→ **WHAT IS REQUIRED**
Each line in the records below, from the one that contains "Clover Hotel Baku" to the one that contains "BMW X7 - фото 14", should be reproduced exactly, the first and last included.
*** DATA FOR PROCESSING Section Begins ***
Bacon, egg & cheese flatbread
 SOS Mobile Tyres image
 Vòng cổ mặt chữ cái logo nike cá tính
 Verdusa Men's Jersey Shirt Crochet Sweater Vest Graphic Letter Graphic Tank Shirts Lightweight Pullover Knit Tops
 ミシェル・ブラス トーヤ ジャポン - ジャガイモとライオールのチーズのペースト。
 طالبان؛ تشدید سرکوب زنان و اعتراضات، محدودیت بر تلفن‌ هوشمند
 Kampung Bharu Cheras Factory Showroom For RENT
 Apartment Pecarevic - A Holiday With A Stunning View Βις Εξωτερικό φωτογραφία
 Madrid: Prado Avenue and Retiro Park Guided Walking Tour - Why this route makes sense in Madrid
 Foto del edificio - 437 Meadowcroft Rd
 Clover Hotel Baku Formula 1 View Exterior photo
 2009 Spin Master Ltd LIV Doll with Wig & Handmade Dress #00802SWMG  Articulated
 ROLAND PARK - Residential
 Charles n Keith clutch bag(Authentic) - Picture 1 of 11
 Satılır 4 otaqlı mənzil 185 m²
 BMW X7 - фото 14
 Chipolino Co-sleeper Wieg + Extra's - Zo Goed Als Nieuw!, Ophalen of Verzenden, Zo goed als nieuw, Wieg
*** DATA FOR PROCESSING Section Ends ***
→ **RESPONSE**
 Clover Hotel Baku Formula 1 View Exterior photo
 2009 Spin Master Ltd LIV Doll with Wig & Handmade Dress #00802SWMG  Articulated
 ROLAND PARK - Residential
 Charles n Keith clutch bag(Authentic) - Picture 1 of 11
 Satılır 4 otaqlı mənzil 185 m²
 BMW X7 - фото 14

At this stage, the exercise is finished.